• _Your goal_: The copy should hold only the line containing "Collection O Hotel Park Inn Residency" and the lines after it through the end of the material, each exact, with no pictures.

• _Given information_:

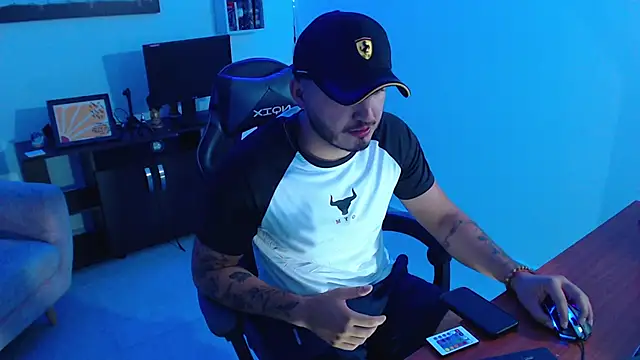 Thiago 420 online show from June 2, 2026, 11:05 pm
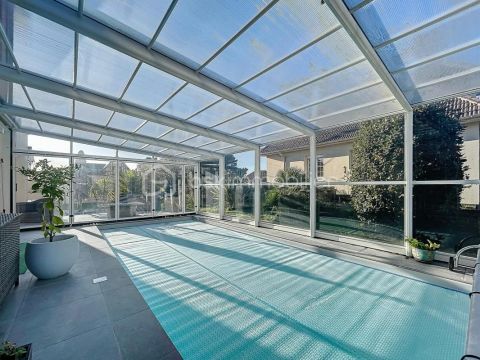 A louer MAISON  7 PIECES 227 M2 BORD DE MER OUISTREHAM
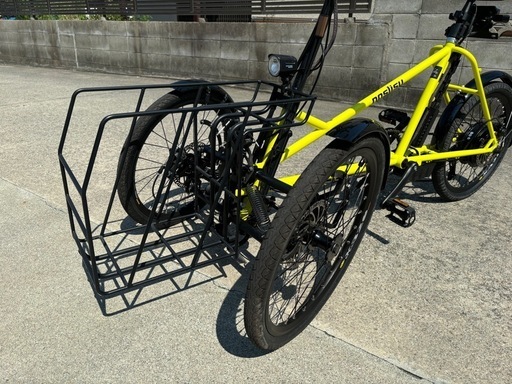 noslisu 「noslisu e」フル電動 ミニカー カワサキ kawasaki 希少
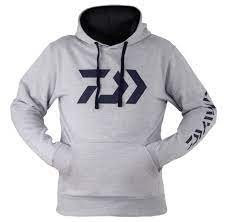 Свитшот DAIWA D-VEC HOODIE - GREY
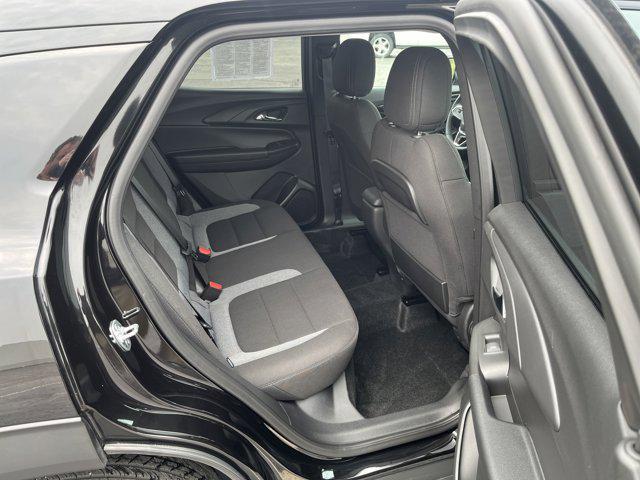 used 2025 Chevrolet TrailBlazer car, priced at $25,999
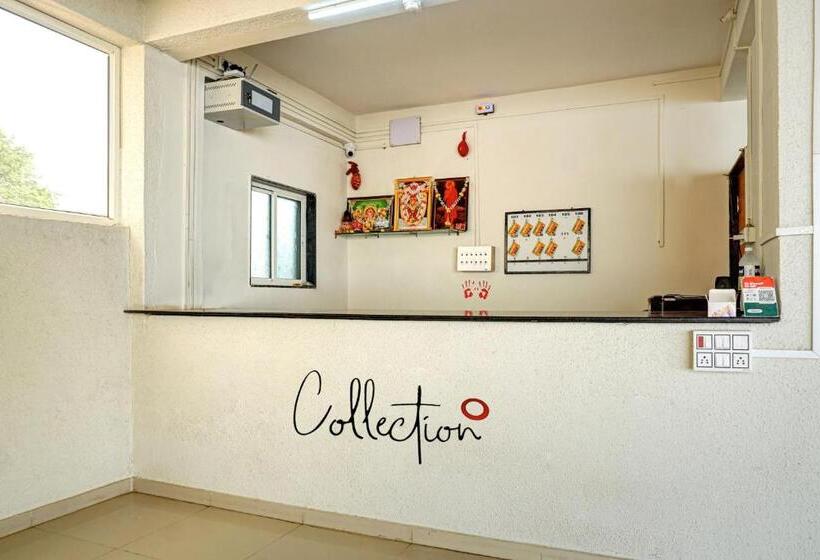 Collection O Hotel Park Inn Residency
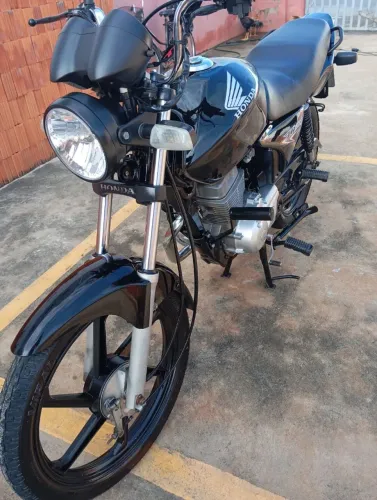 Honda Titan Ks 2008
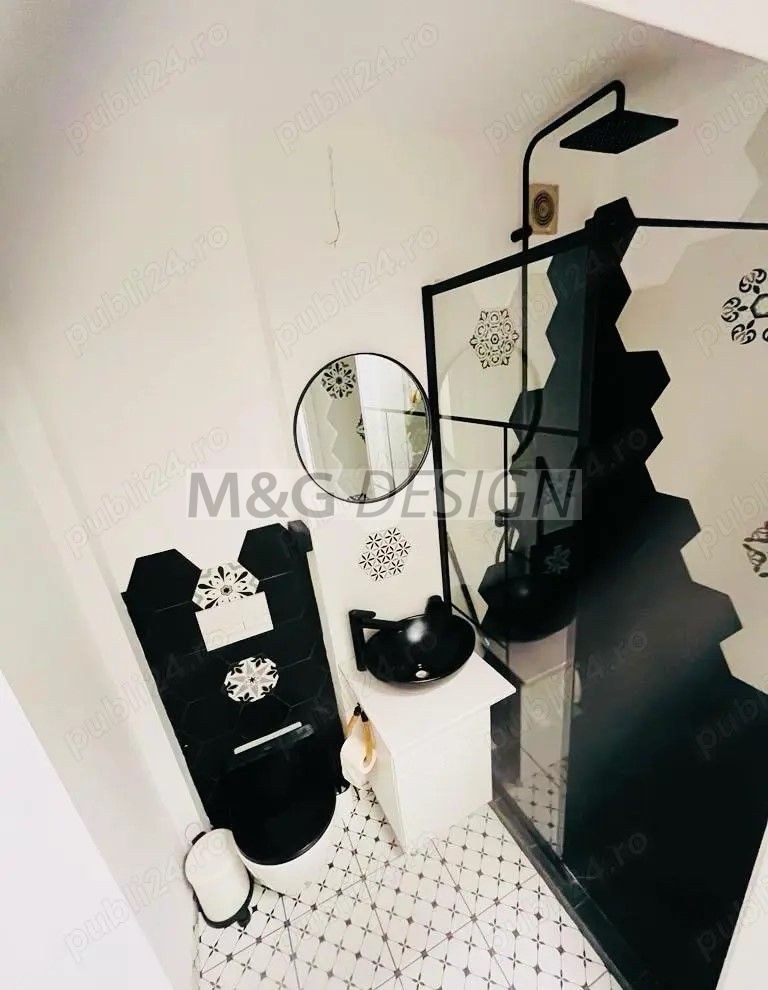 Apartament 2 camere Complex Studentesc amenajat lux - Poză 8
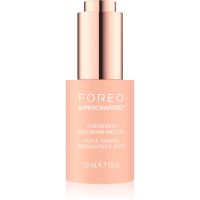 FOREO SUPERCHARGED Overnight Skin Repair Face Oil подмладяващо олио за лице за нощ 30 мл.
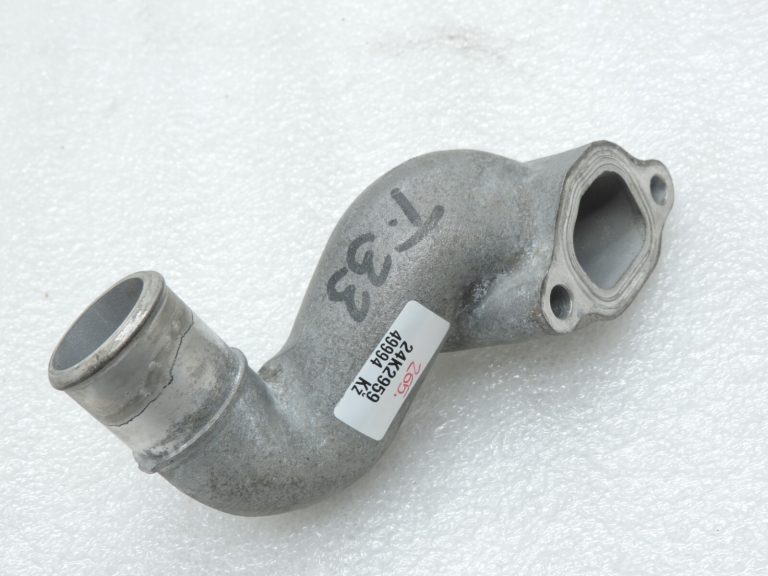 Oriģināls Toyota RAV4 II XA20 2.0 D-4D dzesēšanas caurules atloks 1630427020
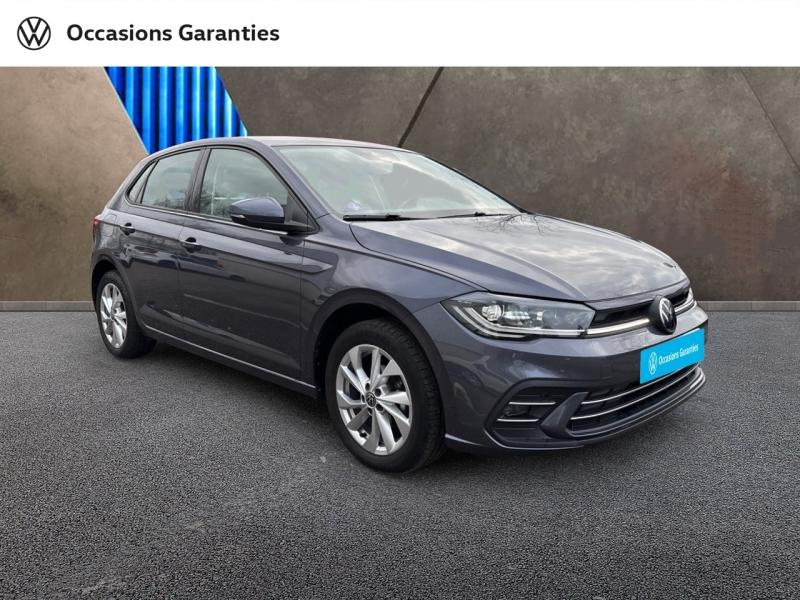 Voitures occasions VOLKSWAGEN POLO Style Sarreguemines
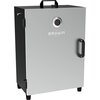 Wędzarnia BROWIN 330260 z termometrem 49.7 cm x 34.8 cm x 72 cm Czarno-srebrny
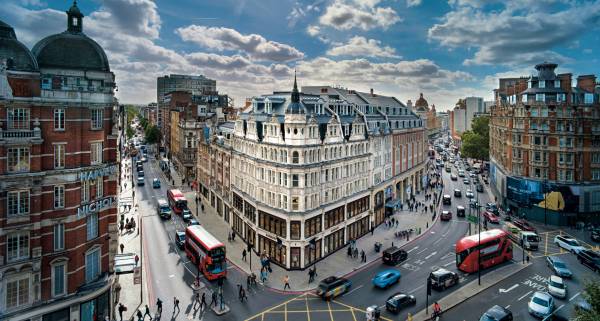 Knightsbridge Gardens - Walk right in Ultra Prime Rental London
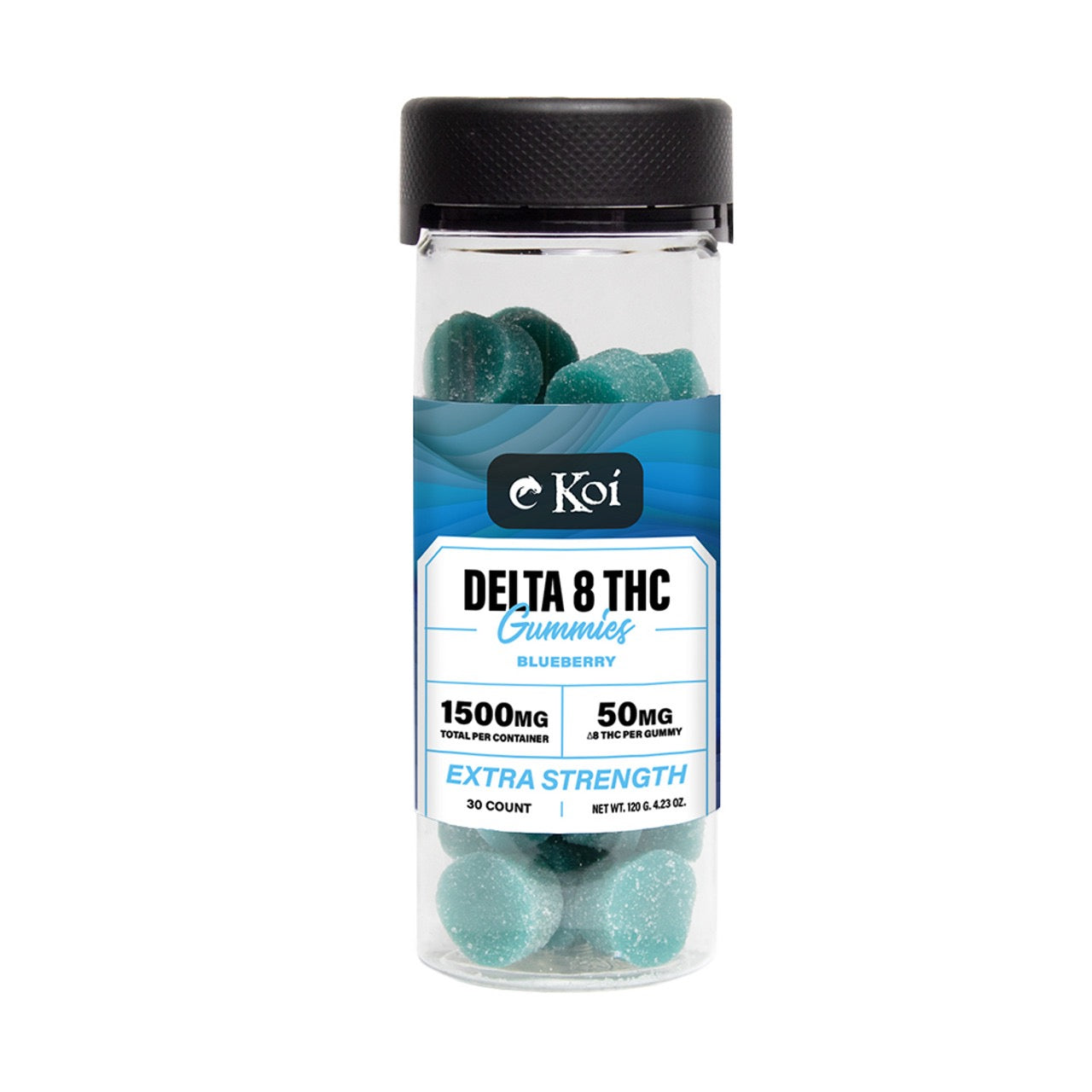 KOI Hemp Gummies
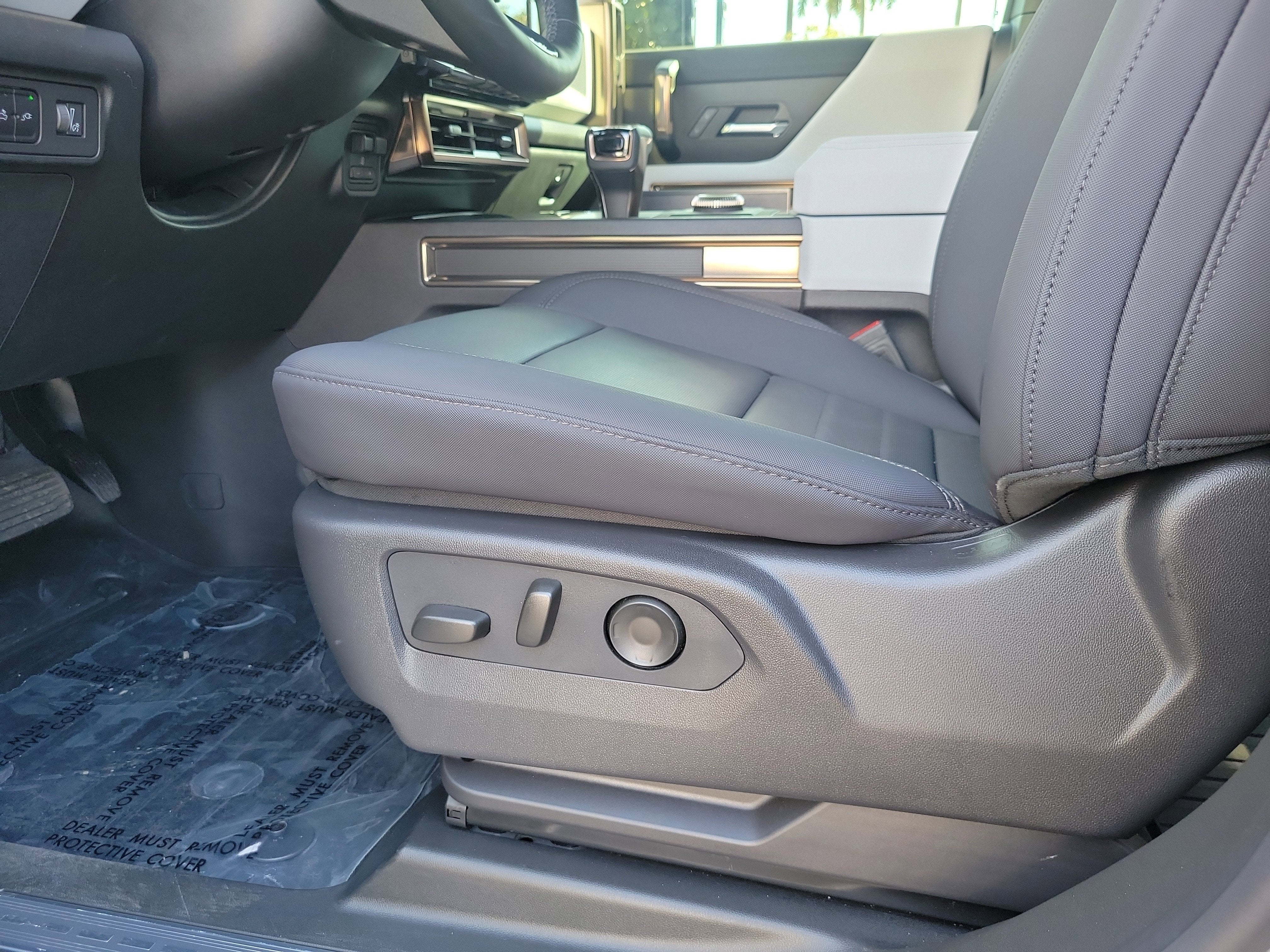 2025 GMC HUMMER EV Pickup 2X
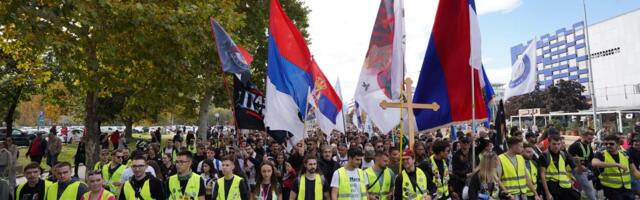 Studenti u Novom Sadu objavili plan sutrašnjeg protesta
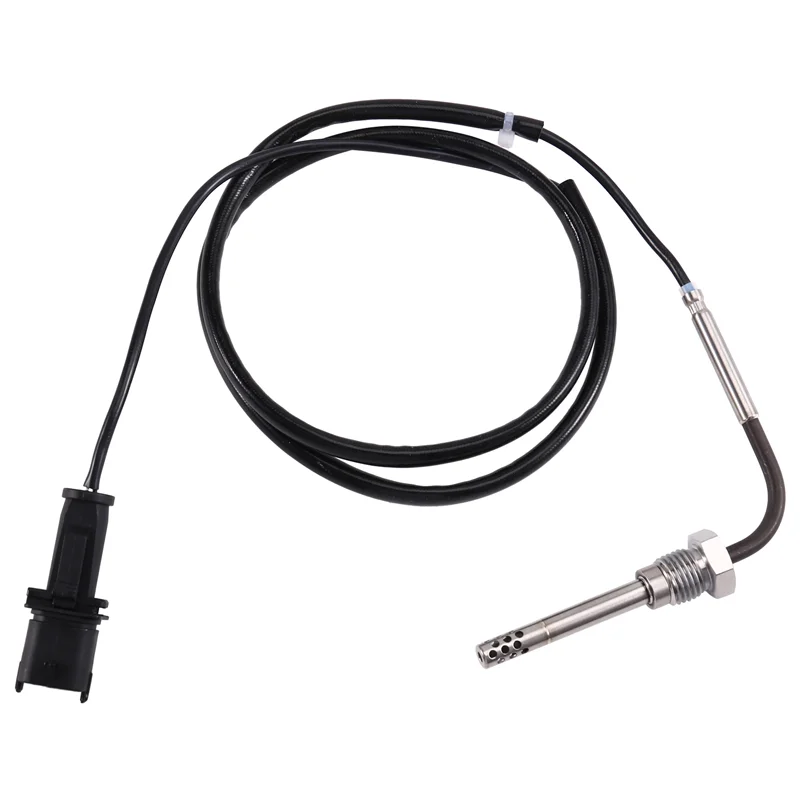 For OPEL VAUXHALL Compatible Exhaust Gas Temperature Sensor EGT Part Numbers 55566631 5855377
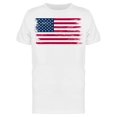 thumbnail image 1 of Usa Flag, W/Grunge Style T-Shirt Men -Image by Shutterstock, Male x-Large, 1 of 2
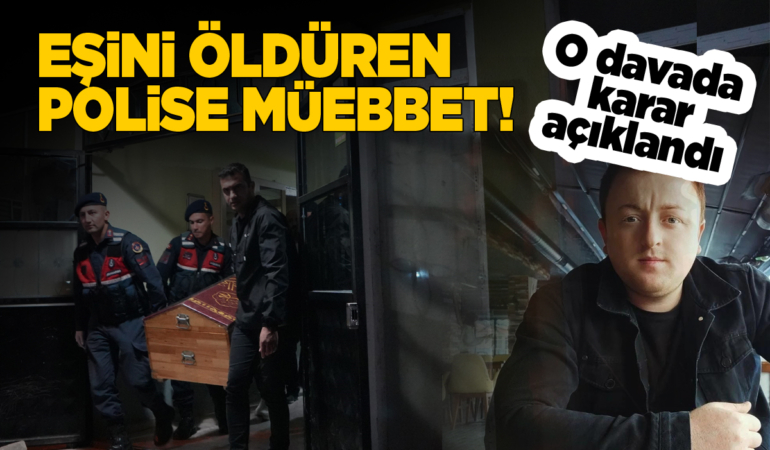 Kastamonu’da görülen davada karar açıklandı!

• _Solution below_:
 Collection O Hotel Park Inn Residency
 Honda Titan Ks 2008
 Apartament 2 camere Complex Studentesc amenajat lux - Poză 8
 FOREO SUPERCHARGED Overnight Skin Repair Face Oil подмладяващо олио за лице за нощ 30 мл.
 Oriģināls Toyota RAV4 II XA20 2.0 D-4D dzesēšanas caurules atloks 1630427020
 Voitures occasions VOLKSWAGEN POLO Style Sarreguemines
 Wędzarnia BROWIN 330260 z termometrem 49.7 cm x 34.8 cm x 72 cm Czarno-srebrny
 Knightsbridge Gardens - Walk right in Ultra Prime Rental London
 KOI Hemp Gummies
 2025 GMC HUMMER EV Pickup 2X
 Studenti u Novom Sadu objavili plan sutrašnjeg protesta
 For OPEL VAUXHALL Compatible Exhaust Gas Temperature Sensor EGT Part Numbers 55566631 5855377
 thumbnail image 1 of Usa Flag, W/Grunge Style T-Shirt Men -Image by Shutterstock, Male x-Large, 1 of 2
 Kastamonu’da görülen davada karar açıklandı!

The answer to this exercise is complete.